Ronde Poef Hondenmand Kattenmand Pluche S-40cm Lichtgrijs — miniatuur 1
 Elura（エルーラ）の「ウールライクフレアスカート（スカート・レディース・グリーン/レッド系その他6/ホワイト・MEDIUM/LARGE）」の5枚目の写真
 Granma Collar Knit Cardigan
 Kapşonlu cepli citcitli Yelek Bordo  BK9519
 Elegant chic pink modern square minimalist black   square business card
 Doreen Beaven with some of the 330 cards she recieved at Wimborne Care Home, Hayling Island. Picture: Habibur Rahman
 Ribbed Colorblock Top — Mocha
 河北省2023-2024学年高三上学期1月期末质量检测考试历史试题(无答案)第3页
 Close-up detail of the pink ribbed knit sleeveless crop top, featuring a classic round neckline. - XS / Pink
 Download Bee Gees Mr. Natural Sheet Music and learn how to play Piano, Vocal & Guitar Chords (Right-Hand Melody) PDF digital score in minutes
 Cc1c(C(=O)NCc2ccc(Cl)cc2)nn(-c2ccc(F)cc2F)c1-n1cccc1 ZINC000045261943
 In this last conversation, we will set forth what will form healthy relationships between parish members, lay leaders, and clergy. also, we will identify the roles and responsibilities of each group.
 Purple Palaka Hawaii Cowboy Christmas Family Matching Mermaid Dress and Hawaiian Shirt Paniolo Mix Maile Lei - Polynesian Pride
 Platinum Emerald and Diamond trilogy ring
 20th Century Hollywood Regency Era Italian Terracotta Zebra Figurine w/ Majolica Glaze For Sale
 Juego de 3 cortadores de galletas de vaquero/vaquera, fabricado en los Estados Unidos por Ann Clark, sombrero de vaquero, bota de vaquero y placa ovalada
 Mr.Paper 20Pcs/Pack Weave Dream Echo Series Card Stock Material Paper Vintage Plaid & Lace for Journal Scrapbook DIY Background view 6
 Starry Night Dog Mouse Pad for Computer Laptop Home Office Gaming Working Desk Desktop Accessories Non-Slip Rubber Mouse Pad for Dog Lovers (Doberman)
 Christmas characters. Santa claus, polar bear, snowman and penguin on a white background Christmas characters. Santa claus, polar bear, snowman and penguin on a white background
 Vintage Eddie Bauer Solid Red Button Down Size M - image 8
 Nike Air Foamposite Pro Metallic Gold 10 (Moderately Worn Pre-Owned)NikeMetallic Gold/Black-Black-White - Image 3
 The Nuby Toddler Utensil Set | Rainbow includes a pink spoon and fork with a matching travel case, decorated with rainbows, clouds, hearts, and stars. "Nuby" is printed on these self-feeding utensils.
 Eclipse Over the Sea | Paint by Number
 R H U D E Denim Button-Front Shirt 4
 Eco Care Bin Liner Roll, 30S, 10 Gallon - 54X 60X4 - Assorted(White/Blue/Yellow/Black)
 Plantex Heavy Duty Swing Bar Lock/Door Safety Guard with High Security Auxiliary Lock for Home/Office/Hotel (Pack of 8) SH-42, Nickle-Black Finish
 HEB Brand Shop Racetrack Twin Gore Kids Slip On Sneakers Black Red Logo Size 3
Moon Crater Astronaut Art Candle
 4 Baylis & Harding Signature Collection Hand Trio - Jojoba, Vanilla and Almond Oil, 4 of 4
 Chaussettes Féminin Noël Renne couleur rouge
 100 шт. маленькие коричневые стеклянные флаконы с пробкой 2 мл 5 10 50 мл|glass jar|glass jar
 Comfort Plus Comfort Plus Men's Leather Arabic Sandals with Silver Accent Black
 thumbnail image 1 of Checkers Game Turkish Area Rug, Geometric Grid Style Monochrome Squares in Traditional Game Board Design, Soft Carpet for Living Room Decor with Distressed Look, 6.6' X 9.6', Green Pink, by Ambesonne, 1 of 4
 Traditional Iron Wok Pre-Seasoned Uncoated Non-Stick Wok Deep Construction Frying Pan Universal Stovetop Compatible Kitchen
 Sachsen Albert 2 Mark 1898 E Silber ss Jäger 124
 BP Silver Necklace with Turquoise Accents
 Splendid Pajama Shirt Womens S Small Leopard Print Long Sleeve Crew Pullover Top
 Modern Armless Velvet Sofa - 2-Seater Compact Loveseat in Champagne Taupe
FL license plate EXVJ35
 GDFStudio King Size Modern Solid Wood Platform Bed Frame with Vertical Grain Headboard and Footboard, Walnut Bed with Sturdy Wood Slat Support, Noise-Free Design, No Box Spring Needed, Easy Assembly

Problem requirements:
The answer should be only the number of lines in the data that include "Vintage".

The answer:
2